NaCL-support for GPU in future?

Moderators: Site Moderators, PandeGroup

Re: NaCL-support for GPU in future?

Postby bruce » Tue Feb 14, 2017 9:41 pm

foldinghomealone wrote:I reason that one 100% fast GPU + one 10% GPU is faster than a single 100% GPU.


Incorrect reasoning ... due to the serial nature of segments of a trajectory.

Think of it as a relay race. Each runner completes a segment of the total race. Only one person can run at a time, whether they're running at 100% or at 10%. Nobody can run leg 2 until the runner on leg 1 can pass the baton to the next runner.

Adding a slow runner to the team SLOWS DOWN the ability of the team to win the race. The slow runner's effort is useless until he can pass the baton to the next runner.
bruce
Site Admin
 
Posts: 20631
Joined: Thu Nov 29, 2007 10:13 pm
Location: So. Cal.

Re: NaCL-support for GPU in future?

Postby foldinghomealone » Tue Feb 14, 2017 10:26 pm

I understand what you mean.

However your statement would mean that if only one donor would not continue to process the WU then the whole system would be stopped until deadline and the WU is reassigned. But this is not the case.
It also would mean that I would have to wait for WUs so that I can start processing. That's also not the case. WUs wait to be downloaded. (At least it seems so). And waiting time is wasting time which could be used with slow GPUs.
Therefore there has to be some kind of parallelity involved.

And you speak of a race with several teams. Several teams means parallelity.
I understand FAH more like a charity run where each mile of all runners is donated to a charity.
Maybe the fastest team is slowed down a bit but you earn much more miles for all teams together when you add one or several teams of slow runners.
foldinghomealone
 
Posts: 24
Joined: Wed Feb 01, 2017 7:07 pm

Re: NaCL-support for GPU in future?

Postby Joe_H » Tue Feb 14, 2017 10:53 pm

There are many parallel "relay races" in progress at any time. Each Project consists of multiple Runs, and there are multiple Clones of each Run. It is the processing of the individual Generations that is serial, Gen 1 has to be completed before Gen 2 and so on. The initial conditions for each Gen are set by the state at the end of the previous Gen, so the WU can not be created in advance. So at any time there are WU's from the same project or another one available and a GPU does not have to wait for an assignment.
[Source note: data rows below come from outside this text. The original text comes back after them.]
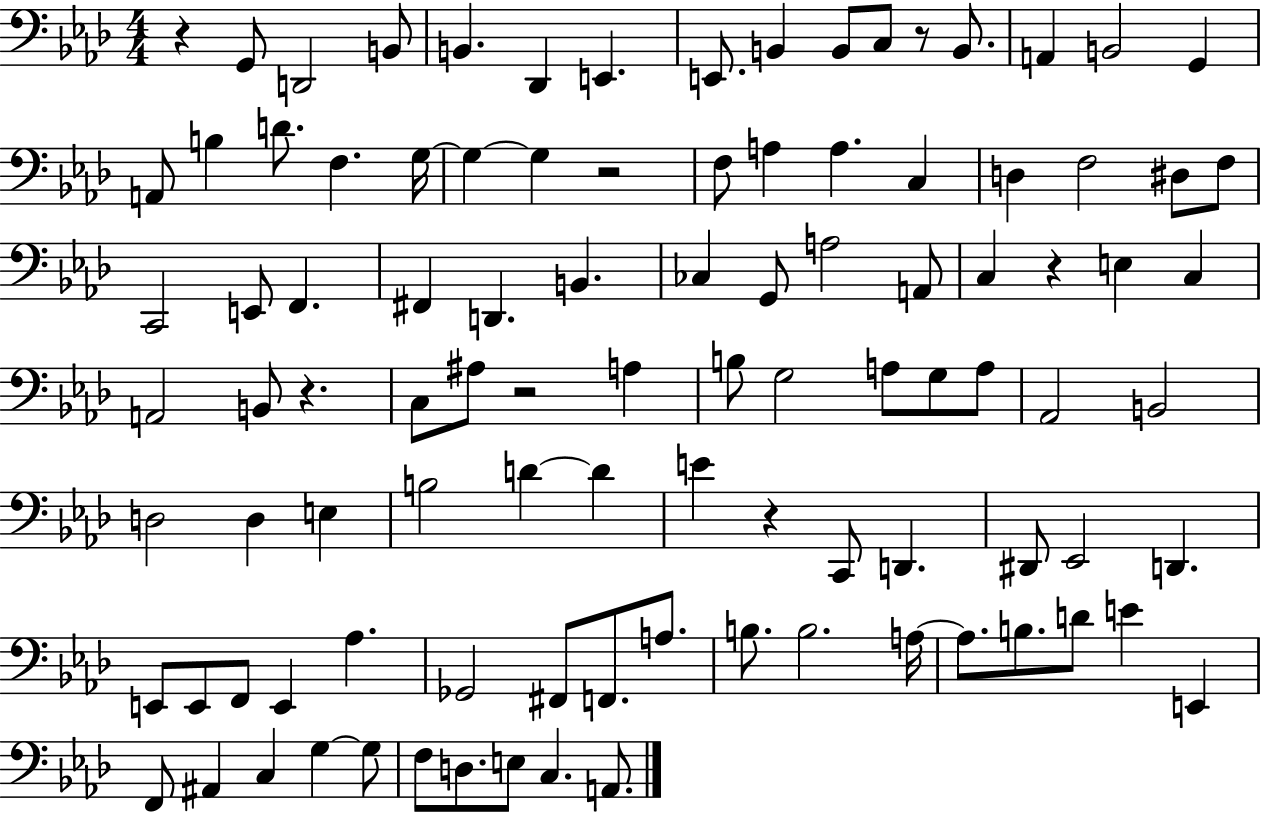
{
  \clef bass
  \numericTimeSignature
  \time 4/4
  \key aes \major
  r4 g,8 d,2 b,8 | b,4. des,4 e,4. | e,8. b,4 b,8 c8 r8 b,8. | a,4 b,2 g,4 | \break a,8 b4 d'8. f4. g16~~ | g4~~ g4 r2 | f8 a4 a4. c4 | d4 f2 dis8 f8 | \break c,2 e,8 f,4. | fis,4 d,4. b,4. | ces4 g,8 a2 a,8 | c4 r4 e4 c4 | \break a,2 b,8 r4. | c8 ais8 r2 a4 | b8 g2 a8 g8 a8 | aes,2 b,2 | \break d2 d4 e4 | b2 d'4~~ d'4 | e'4 r4 c,8 d,4. | dis,8 ees,2 d,4. | \break e,8 e,8 f,8 e,4 aes4. | ges,2 fis,8 f,8. a8. | b8. b2. a16~~ | a8. b8. d'8 e'4 e,4 | \break f,8 ais,4 c4 g4~~ g8 | f8 d8. e8 c4. a,8. | \bar "|."
}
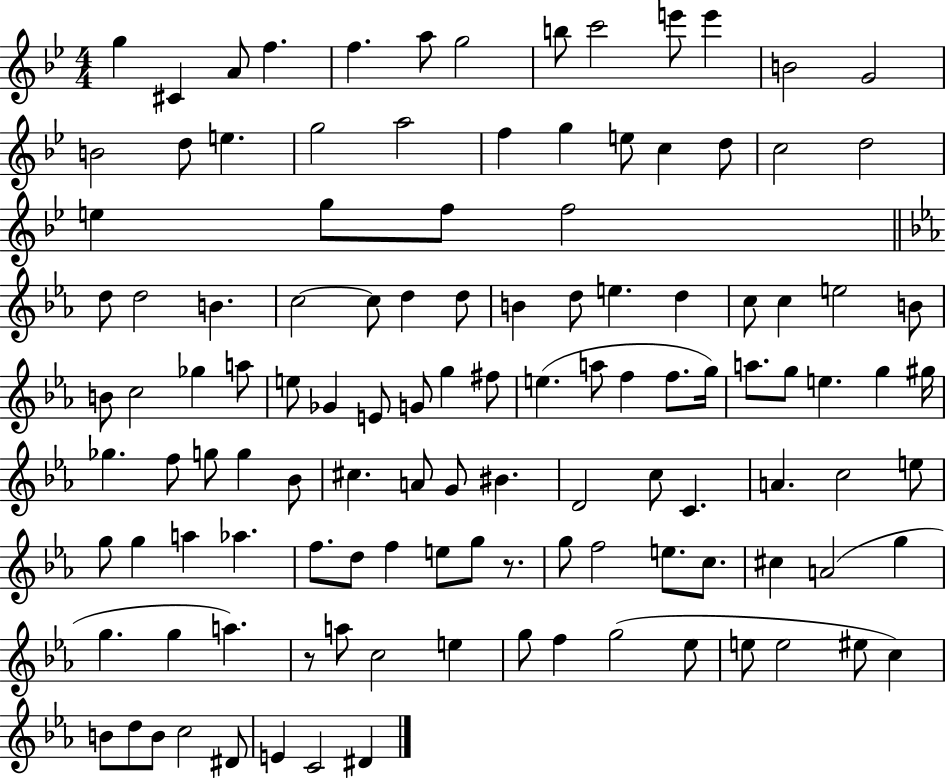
G5/q C#4/q A4/e F5/q. F5/q. A5/e G5/h B5/e C6/h E6/e E6/q B4/h G4/h B4/h D5/e E5/q. G5/h A5/h F5/q G5/q E5/e C5/q D5/e C5/h D5/h E5/q G5/e F5/e F5/h D5/e D5/h B4/q. C5/h C5/e D5/q D5/e B4/q D5/e E5/q. D5/q C5/e C5/q E5/h B4/e B4/e C5/h Gb5/q A5/e E5/e Gb4/q E4/e G4/e G5/q F#5/e E5/q. A5/e F5/q F5/e. G5/s A5/e. G5/e E5/q. G5/q G#5/s Gb5/q. F5/e G5/e G5/q Bb4/e C#5/q. A4/e G4/e BIS4/q. D4/h C5/e C4/q. A4/q. C5/h E5/e G5/e G5/q A5/q Ab5/q. F5/e. D5/e F5/q E5/e G5/e R/e. G5/e F5/h E5/e. C5/e. C#5/q A4/h G5/q G5/q. G5/q A5/q. R/e A5/e C5/h E5/q G5/e F5/q G5/h Eb5/e E5/e E5/h EIS5/e C5/q B4/e D5/e B4/e C5/h D#4/e E4/q C4/h D#4/q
The researchers however do have to wait for those 100, 200 or more Generations to complete. If there were many slow machines, then you would end up with many if not all of those parallel runs slowed down by significant amounts.
Image

iMac 2.8 i7 12 GB smp8, Mac Pro 2.8 quad 12 GB smp6
MacBook Pro 2.9 i7 8 GB smp3
Joe_H
Super Moderator
 
Posts: 3506
Joined: Tue Apr 21, 2009 4:41 pm
Location: W. MA

Re: NaCL-support for GPU in future?

Postby bruce » Tue Feb 14, 2017 10:58 pm

foldinghomealone wrote:However your statement would mean that if only one donor would not continue to process the WU then the whole system would be stopped until deadline and the WU is reassigned. But this is not the case.


This, in fact, is mostly true.

WUs have two deadlines. The final deadline is the point at which FAH will no longer give you credit for completing the WU. The Preferred Deadline is the point at which FAH assumes that the WU is "lost" and it reassigns the WU to someone else. This setting is supposed to be long enough to avoid unnecessary duplication but short enough to avoid waiting a long time for a WU which will never be returned. (In some instances, a WU is returned after the preferred deadline and before the final deadline, leading to a duplication of work.)
bruce
Site Admin
 
Posts: 20631
Joined: Thu Nov 29, 2007 10:13 pm
Location: So. Cal.

Re: NaCL-support for GPU in future?

Postby bruce » Tue Feb 14, 2017 11:12 pm

Development did explore the concept of uploading a partial WU for CPU-based WUs. That project never made it to fruition. I don't know why. I don't think it was ever tried for GPUs.

It was called a "streaming client" because each client was continually uploading progress in tiny pieces of a trajectory and when you abandoned that WU, somebody else could pick up the baton from the last point that you reported your progress.

One disadvantage was what happened when the number of active participants varied. Suppose at a given time, there are between 50 and 1000 participants folding. Obviously there have to be at least 1000 WUs running in parallel. Suppose at a particular time, your client asks to start work. If you happen to be number 51, the project will assign you the most complete trajectory that's not being worked on (excluding any that may have reached the desired end-point). The project owner establishes a minimum number (less that 1000) of trajectories that must be completed. Say the number is 400. When the 400th trajectory is completed, all of the incomplete (shorter) trajectories can be discarded. The work completed by everybody who has worked on the other 600 trajectories is probably discarded.

It's not a very efficient system.
bruce
Site Admin
 
Posts: 20631
Joined: Thu Nov 29, 2007 10:13 pm
Location: So. Cal.

Re: NaCL-support for GPU in future?

Postby 7im » Tue Feb 14, 2017 11:41 pm

Yes, there is a good deal of parallelism involved. Let's make it simpler. Consider a river. The deep narrow river flows very fast. The wide shallow river tends to just meander along. Faster is better in Folding.
How to provide enough information to get helpful support
Tell me and I forget. Teach me and I remember. Involve me and I learn.
User avatar
7im
 
Posts: 15204
Joined: Thu Nov 29, 2007 4:30 pm
Location: Arizona

Re: NaCL-support for GPU in future?

Postby foldinghomealone » Wed Feb 15, 2017 12:21 am

Ok, thanks for all this information. I have to think it through to full understand.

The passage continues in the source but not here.